Данте - страница 51
Так расценивает основную силу буржуазного общества горожанин и, что важно, флорентинец, Данте Алигиери. В каждой строке этих глав, особенно XI и XII, четвертого трактата чувствуется, как в нем клокочет гнев и обида против сограждан. Во всей книге нет другого места, которое было бы написано с большим темпераментом, чем эта филиппика против капитала. Феодальные бароны должны были читать ее с большим удовольствием и с большим удовлетворением.
Таков и был замысел Данте. Этого именно он хотел. Написать нечто такое, что всем показало бы меру его таланта, удовлетворило бы «князей и баронов», огорчило бы горожан. Но получилось все-таки не совсем то, что он хотел. Вероятно, «князья и бароны» были довольны. Возможно, что флорентинцы были недовольны. И тем не менее Данте в «Пире» не стал человеком последовательной феодальной идеологии. И не стряхнул с себя отпечатков буржуазной культуры.
Это сказалось прежде всего в вопросе о языке.
«Новая жизнь» была написана по-итальянски. И это не требовало объяснений. В ней комментировались сначала стихи, обращенные к даме, которая не знала по-латыни, а потом, когда она умерла — к ее обществу, которое знало латынь не больше. Кроме того комментарий, очень коротенький, был непосредственно связан со стихами; он не был задуман как нечто самостоятельное. Стихи были любовные, а любовных стихов, куртуазных или иных — все равно, — никто не писал по-латыни. Объяснить их по-латыни было бы смешно.
Иное дело «Пир». В нем комментарий к канцонам разросся настолько, что читатель очень часто, продираясь сквозь его схоластическую чащу, забывает, что он связан со стихами, стоящими в начале трех последних трактатов. Комментарий получил совершенно самостоятельное значение. А предмет его таков, что все без исключения, писавшие на эти темы до Данте, писали по-латыни. Выбор volgare нужно было объяснять, и объяснению посвящен почти весь вводный первый трактат. Мы видели, какими социальными мотивами оправдывает поэт свое решение. Они занимают очень незначительное место среди других. Главные аргументы — философские, неторопливые, обстоятельные, перегруженные общими местами. Но из-под схоластического покрова, который их затемняет, явственно вырисовывается, простая и убедительная мысль: что итальянский язык должен быть предпочтен латинскому, потому что он язык не избранных, а огромного большинства. «Это — ячменный хлеб, которым будут насыщаться тысячи… Это будет новый свет, новое солнце, которое взойдет тогда, когда закатится старое. Оно будет светить тем, кто находится во мраке и в потемках, ибо старое им не светит». Таков вывод.
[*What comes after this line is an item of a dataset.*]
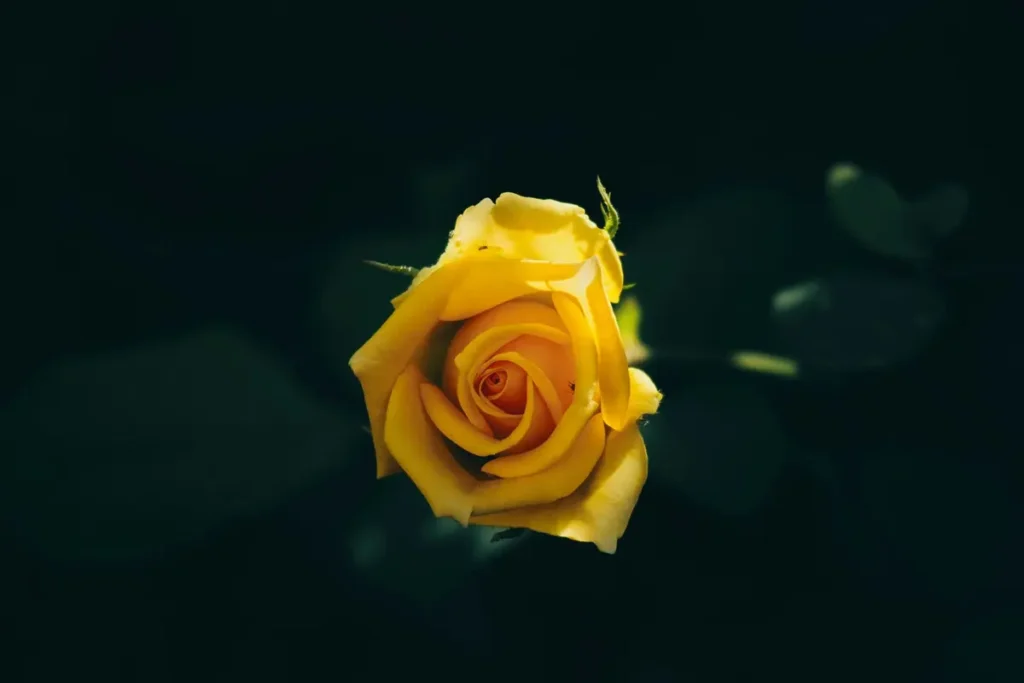 选品方法论：打造爆款产品页（转化率优化指南）0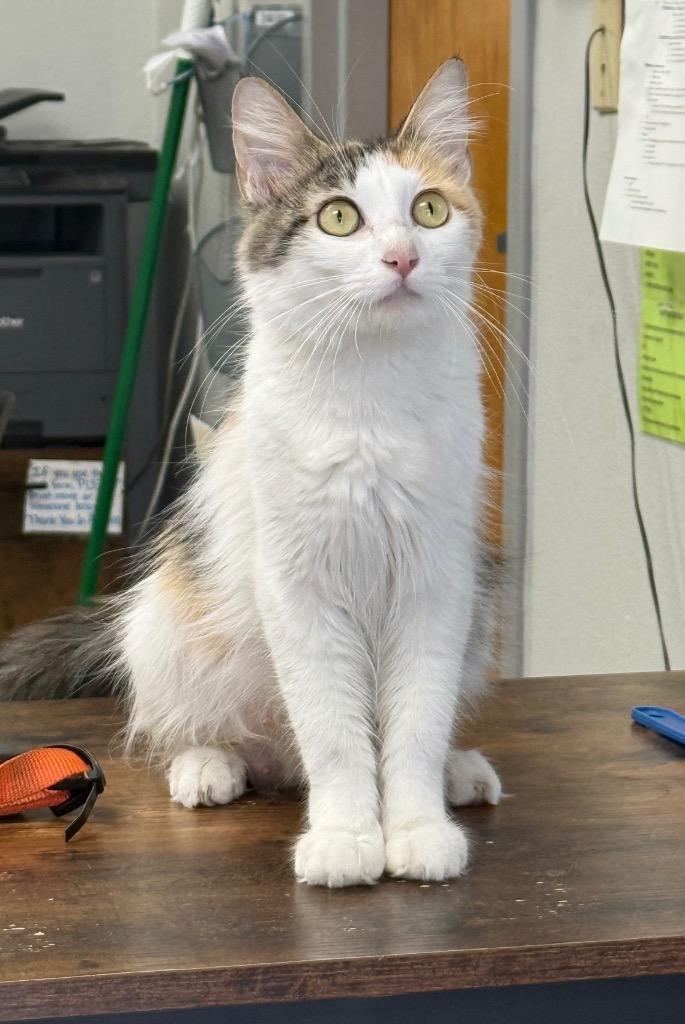 Lundi, Adoptable, Young Female Domestic Medium Hair.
Ячменный хлеб в то время был самый вкусный, а старое солнце, которое массам не светит — это латинский язык.
Самое интересное в этой защите итальянского языка у Данте — кричащее противоречие в формулировке мотивов. Сначала объявляется, что латинский полезен немногим, а итальянский многим и «многие» — это «князья, бароны и рыцари» и под конец речь идет уже о «тысячах» и под «тысячами» с очевидностью подразумевается масса грамотных, а далеко не одно только дворянство, которое явно для всех составляло меньшинство в стране. Первая формула та, которой Данте хочет угодить дворянам и разочаровать горожан. Вторая — та, которая выражает его подлинную мысль, бессознательно рвущуюся наружу и выскакивающую из-под пера. Он бы сдержал ее, если бы заметил, что он говорит. Но он не заметил. Написалось, как написалось. Душевное двоение нельзя было ни подавить, ни скрыть. Иначе быть не могло.
Данте понял, что будущее литературы принадлежит не латинскому языку, а итальянскому, и решил писать по-итальянски те свои вещи, которым он придавал наибольшее значение. Это решение представляло целую революцию. И какую!
Данте мог быть сколько угодно убежден в том, что он желает быть приятным дворянству и не боится быть неприятным для горожан. Он мог умышленно строить «Пир» так, чтобы в нем было собрано все, что могло представлять особый интерес для дворянства. И мог говорить, что пишет по-итальянски для того, чтобы быть понятным «князьям и баронам». Он писал для «тысяч», т. е. для грамотных горожан. А доказывал необходимость писать по-итальянски не бездомный эмигрант, смотревший из дворянских рук, а тот Данте Алигиери, который был приором в 1300 году, а потом вел за собою левое крыло «белых», представитель флорентийской пополанской массы.